大地の水が植物の作る細胞のような土壌の中をゆっくりと移動して凹地に集まり、そして沢筋が生まれます。ここでは風と水の微妙な動きの違いによって、沢筋にダケカンバ林を形成しています。
 植物たちが必死に生きる森林限界付近では、ちょっとした環境の違いで地表の様相が大きく変わる、そんなダイナミックないのちの営みを肌身で実感します。



 そして入山3日目、高山に囲まれた天上の楽園、日本最後の秘境とも言われる雲ノ平を望みます。
 雲ノ平は黒部源流の高山の山稜に囲まれて、池塘と岩と高山植物であふれる、北アルプス核心部の山上の草原です。
 そしてこの山域こそが黒部川源頭部となります。黒部川は広大で肥沃な扇状地を潤して息づかせて、そこに豊かな土地を作り、大地を浄化しながら富山湾へと注ぎます。
 
 11年ぶりに、水の楽園 雲ノ平を訪ねます。



 懐かしの地、雲ノ平を歩くにつれて、11年前とは確かに違う異変に気づきます。
 大地が乾いているのです。



 雲ノ平の木道沿いのかつての池塘はほとんどが枯れ果てて、そしてその底は乾燥してひび割れまで起こしているのでした。

 清らかな水をたたえて輝いていたかつての雲ノ平の記憶をたどるものにとって、この光景はすぐには理解できないほどの衝撃を与えます。

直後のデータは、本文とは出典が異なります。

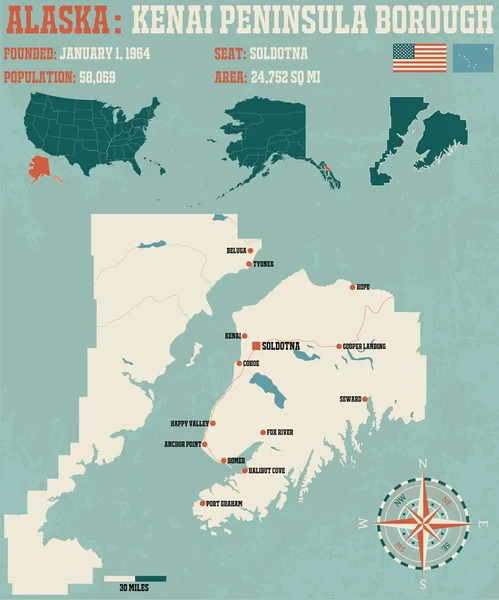 Península de Kenai Borough Alaska EE.UU. — Archivo Imágenes Vectoriales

 山小屋の若い従業員に、「いつから水が消えたのか」と尋ねると、「しばらく雨が降らないから。雨が降ればまた水が溜まる」との答えでした。
 
 それは違います。高山や高緯度地域などの冷涼な湿地の池塘は、単なる水たまりでは決してありません。

 水を通しにくい厚い泥炭層に守られて周囲の草原のわずかな絞り水を集めてめったに枯れることのない、それが高層湿地の池塘です。
 そして呼吸する大地の高山では、晴天が続くと言えども、夜の間に雲が再び地表に降りて大地に吸い込まれ、あるいは草葉に付着して水滴となり、それがまたゆっくりと地上と地中を動きながら池塘に水分を供給するため、清浄な水がなかなか枯れずに存在するものなのです。

 そしてこの高層湿原の池塘こそがその地の水分バランスをコントロールして高山の命の絆を豊かにしてきたのです。

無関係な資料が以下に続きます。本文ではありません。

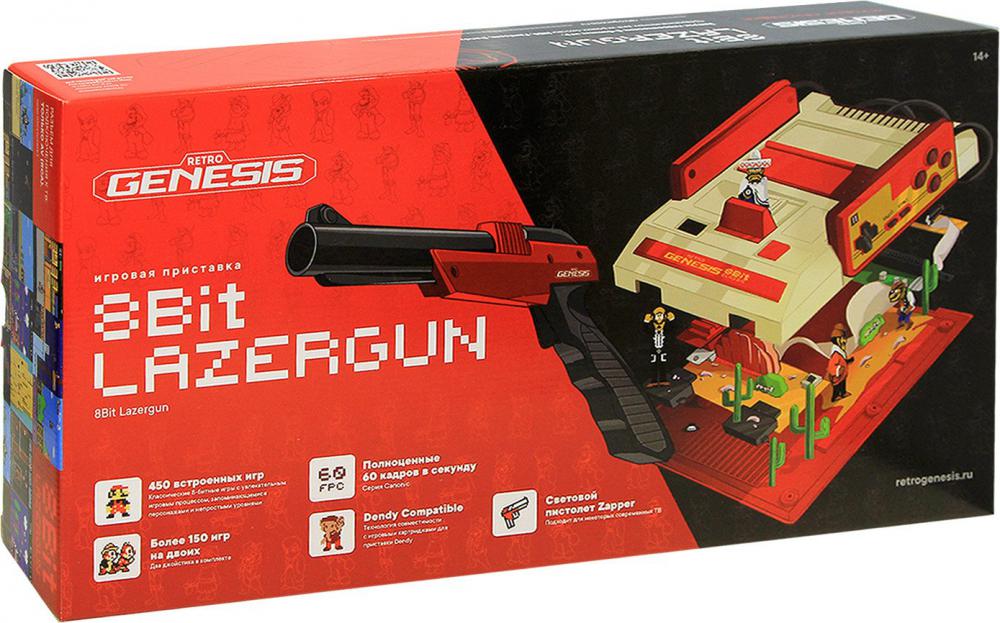 Игровая приставка Retro Genesis 8 Bit Lasergun (2 проводных геймпада, световой пистолет, 450 игр)- фото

 それが実際に、この10年の間に池塘の水が簡単に枯れてしまう環境へと変わってしまったのです。
 おそらく、温暖化に起因する生物環境の変化の結果なのでしょう。

 乾燥してひび割れた池塘の底を見ると、すでに泥炭は分解されて通常の細粒土壌と成り果てていたのでした。
 氷河期以降の数千年のこの地のバランスまで、わずか10年の間に急速に壊れた様子を目の当たりにし、愕然と力は萎えて言葉を失います。
 山に力をもらいに来たのに。



 
 気を取り直して歩き出すと、水を蓄えた池塘に出会います。しかしそれはもはや、かつての清冽ないのちの水ではなく、淀んで腐った停滞水となっていました。

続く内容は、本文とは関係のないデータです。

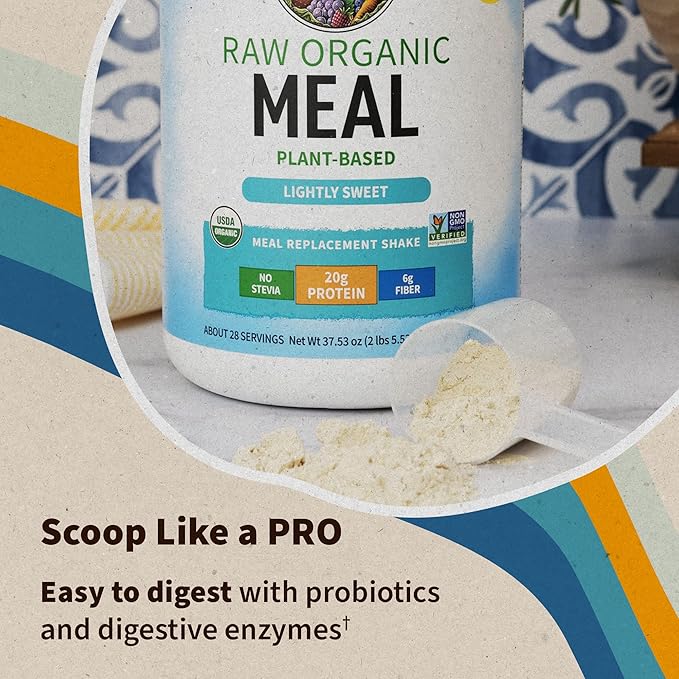 Garden of Life Meal Replacement Shakes, Vegan, Raw, Organic, Lightly Sweet Protein Powder with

 この池塘脇のハイマツ(写真左側)は、滞水によるヘドロ化と有機ガスの影響で枯れ始め、周囲には滞水の地に優先するイワイチョウが覆い尽くしていました。

 まぶたに残るかつての楽園、日本最後の秘境と呼ばれたこの地も今や、あっという間に壊れてしまったことを知りました。

 もちろん、新たな気候環境が継続すれば、自然界はそれに見合った生態系を再構築してゆくことでしょう。
 しかし、今後もさらに、急激な気候変動は加速度を増してゆくことを想えば、その急激な変化に対して、どれだけ自然は対応してゆけるものなのでしょうか。

 人間の想定域を超える、そんな生き物の存立危機事態がすぐ目の前に来ていることを、雲ノ平の環境激変が教えてくれます。



 そして吉良アルプス核心域の雲ノ平を後にしてひたすら谷間へと下ること3時間、断層の合間を抜けるような黒部川本流に抜けます。
 山中に会って圧倒的な水量を誇る黒部源流は今もなお、力強く命を育むその役割を果たしているようにも感じます。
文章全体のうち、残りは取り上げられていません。